Pharmacologic class: Piperidinyl-benzisoxazole derivative

Therapeutic class: Antipsychotic

Pregnancy risk category C

FDA Box Warning

• Elderly patients with dementia-related psychosis treated with antipsychotics are at increased risk for death. Analyses of 17 placebo-controlled trials (modal duration of 10 weeks), largely in patients taking atypical antipsychotics, revealed a risk of death in the drug-treated patients of between 1.6 and 1.7 times the risk of death in placebo-treated patients. Over the course of a typical 10-week controlled trial, the rate of death in drug-treated patients was about 4.5%, compared to a rate of about 2.6% in the placebo group. Although causes of death were varied, most of the deaths appeared to be either cardiovascular (for example, heart failure, sudden death) or infectious (for example, pneumonia) in nature.

• Observational studies suggest that, similar to atypical antipsychotics, treatment with conventional antipsychotics may increase mortality. The extent to which findings of increased mortality in observational studies may be attributed to the antipsychotic as opposed to some characteristic(s) of the patients isn't clear.

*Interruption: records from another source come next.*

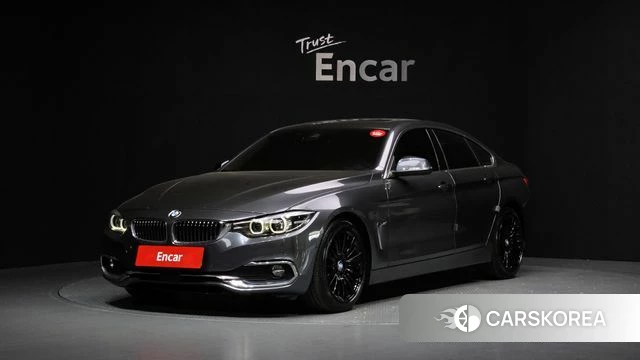 BMW 4 Series (F32) 2020 Серый из Кореи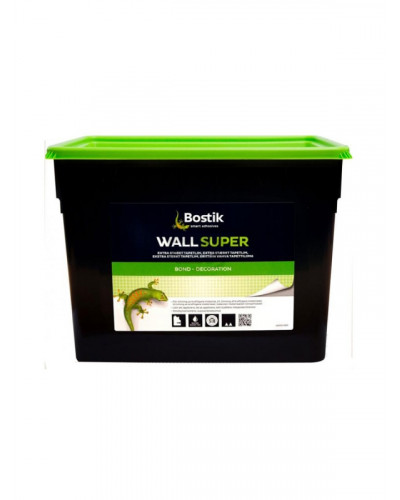 Клей для склополотна та флізеліну Bostik Wall Super 5л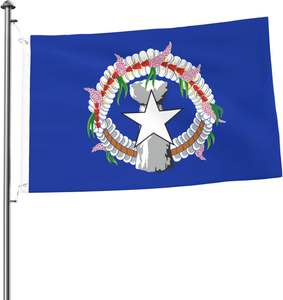 Bandera Nacional <span class=keywords><strong>de</strong></span> las Islas Marianas del Norte <span class=keywords><strong>de</strong></span> 3x5 Pies, Nueva, al por Mayor, para Decoración <span class=keywords><strong>de</strong></span> Exteriores - Product Image 1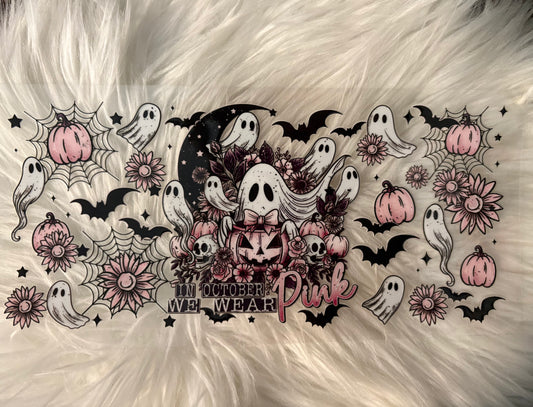 OCTOBER WE WEAR PINK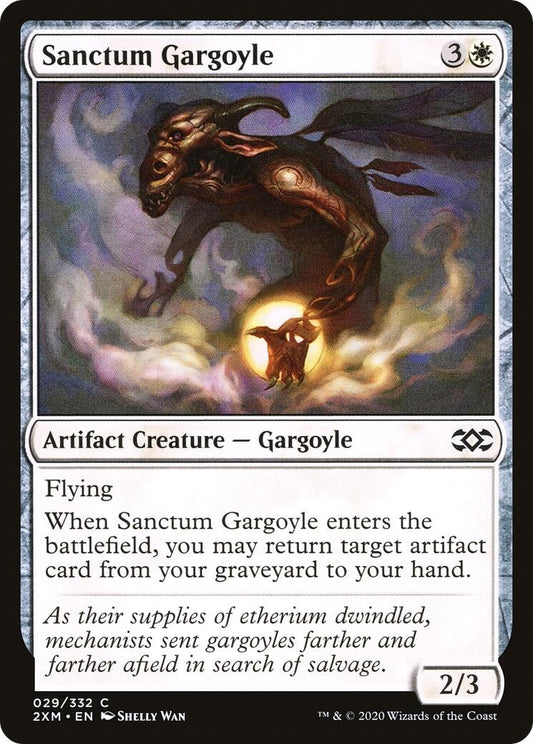Image for Sanctum Gargoyle (29) (Double Masters) - Magic: The Gathering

• Iloperidone isn't approved for treatment of patients with dementia-related psychosis.

Action

Unknown

Availability

Tablets: 1 mg, 2 mg, 4 mg, 6 mg, 8 mg, 10 mg, 12 mg

Indications and dosages

Acute treatment of schizophrenia

Adults: Initially, 1 mg P.O. daily; may increase by daily adjustments to 2 mg b.i.d., 4 mg b.i.d., 6 mg b.i.d., 8 mg b.i.d., 10 mg b.i.d., and 12 mg b.i.d. on days 2, 3, 4, 5, 6, and 7, respectively, to reach target dosage range of 6 to 12 mg P.O. b.i.d.

Dosage adjustment

• Concomitant use of strong CYP2D6 inhibitors (such as fluoxetine, paroxetine) and strong CYP3A inhibitors (such as clarithromycin, ketoconazole)

Contraindications

• Hypersensitivity to drug or its components

Precautions

Use cautiously in:
• hepatic impairment (use not recommended)
• congenital long QTc syndrome, history of cardiac arrhythmias (avoid use)
• known cardiovascular disease, cerebrovascular disease, or conditions that predispose patient to hypotension
• seizures or conditions that lower seizure threshold (such as Alzheimer's dementia)
• history of neuroleptic malignant syndrome
• preexisting low WBC count, history of drug-induced leukopenia or neutropenia
• possibility of conditions contributing to an elevated core body temperature (strenuous exercise, exposure to extreme heat, concomitant medication with anticholinergic activity, dehydration)
• concomitant use of drugs known to prolong QTc interval, including Class 1A antiarrhythmics (such as procainamide quinidine), Class III antiarrhythmics (such as amiodarone, sotalol), antipsychotics (such as chlorpromazine, thioridazine), antibiotics (such as gatifloxacin, moxifloxacin), or other drug classes known to prolong QTc interval (avoid use)
• conditions that may increase risk of torsades de pointes or sudden death in association with use of drugs that prolong QTc interval, including bradycardia, hypokalemia, hypomagnesemia, recent acute myocardial infarction, uncompensated heart failure, and cardiac arrhythmia (avoid use)
• concomitant use of drugs that inhibit iloperidone metabolism, patients with reduced CYP2D6 activity
• concomitant use of other centrally acting drugs
• patients at risk for suicide or aspiration pneumonia
• pregnant or breastfeeding patients
• children and adolescents (safety and efficacy not established).

Administration

• Determine baseline serum potassium and magnesium levels in patients at risk for significant electrolyte imbalance before starting drug.
• Perform fasting glucose testing in patients at risk for diabetes mellitus before starting drug.
• Administer without regard to meals.
• Be aware that drug must be titrated slowly to avoid orthostatic hypotension.
• Follow initiation schedule if an interval between dosing of more than 3 days occurs.

Adverse reactions

CNS: fatigue, tardive dyskinesia, dizziness, somnolence, tremor, lethargy, extrapyramidal disorder, seizures, neuroleptic malignant syndrome

CV: hypotension, orthostatic hypotension, tachycardia, prolonged QTc interval

EENT: blurred vision, nasopharyngitis, nasal congestion

GI: nausea, diarrhea, dry mouth, abdominal discomfort, dysphagia

GU: ejaculation failure

Hematologic: leukopenia, neutropenia, agranulocytosis

Metabolic: hyperprolactinemia, hyperglycemia (with associated ketoacidosis, hyperosmolar coma, or death)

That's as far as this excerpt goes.